Educated in Shropshire and Los Angeles, Sir Ian joined the Met as a graduate trainee in 1974 after finishing his degree at Oxford and started as a beat constable in Soho before rising rapidly through the ranks to become a detective chief inspector by 1985.
He subsequently led a major investigation into corruption within the force but then left to work for HM Inspectorate of Constabulary before taking up senior posts with Thames Valley and Surrey Police, where he served as the force's Chief Constable, and finally returning to the Met in 2000 as Deputy Commissioner.
He became Commissioner with apparently rosy prospects, having been knighted two years earlier for services to the police, and dubbed the 'thinking man's policeman'.
Among the successes that his supporters will point to are steady falls in crime in London during his tenure, with the most recent figures showing a five per cent drop in the number of offences in the capital during the last 12 months.
Sir Ian Blair at a Sikh Gurdwara: The Met's relationship with some community groups had been riddled with problems
Ethnic minority recruitment has also risen sharply during Sir Ian's time as Commissioner, despite a recent spate of race discrimination cases launched by senior Asians within the force, while another plus has been his introduction of neighbourhood policing which has significantly increased the police presence on the streets.

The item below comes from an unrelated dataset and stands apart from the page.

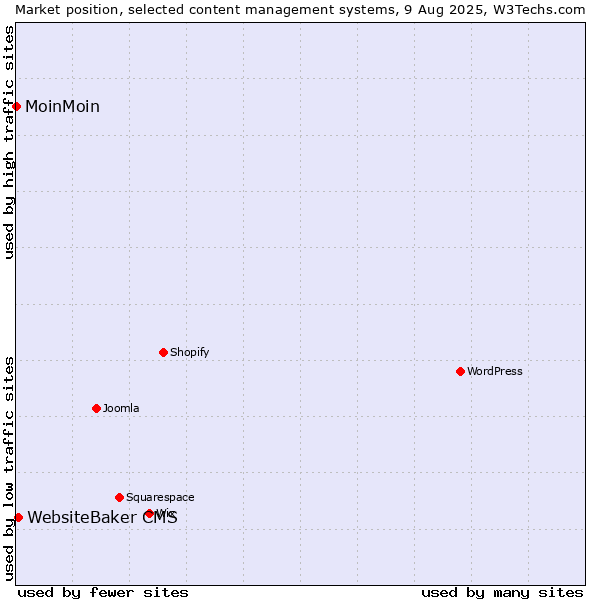 Market position of WebsiteBaker CMS vs. MoinMoin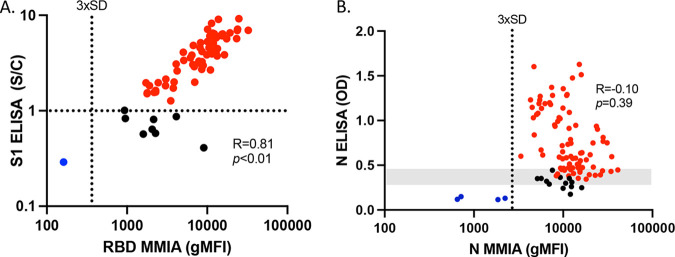 FIG 2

Despite such positive developments, Sir Ian has rarely been popular either within the Met or outside the force and has regularly attracted criticism from all sides of the political spectrum.
Some have seen him as a 'politically correct' government stooge, while on the Left his handling of incidents such as the Forest Gate arrests, when one man was accidentally shot and hundreds of police deployed during an unsuccessful anti-terror raid, has raised doubts about his ability to deal effectively with the issues of Islamic extremism and counterterrorism.
Last November's conviction of the Met over the de Menezes killing led to fresh calls for Sir Ian to quit.
The publication soon after of a damning Independent Police Complaints Commission report into the shooting dented his support even further.
The head of the watchdog body later went on to say that Sir Ian's conduct had been responsible for much of the 'avoidable difficulty' which had hit the force in the wake of the shooting.
Although Met officials tried to keep him out of the limelight, aware of his propensity to stir controversy with rash comments, he managed to anger the Director of Public Prosecutions Sir Ken Macdonald - and embarrass senior officers within his own force - with inaccurate comments criticising the failure to charge supermodel Kate Moss over pictures showing her apparently taking cocaine.
This succession of incidents, combined with frosty personal relations with some of his most senior colleagues, left support for the Met Commissioner ebbing away.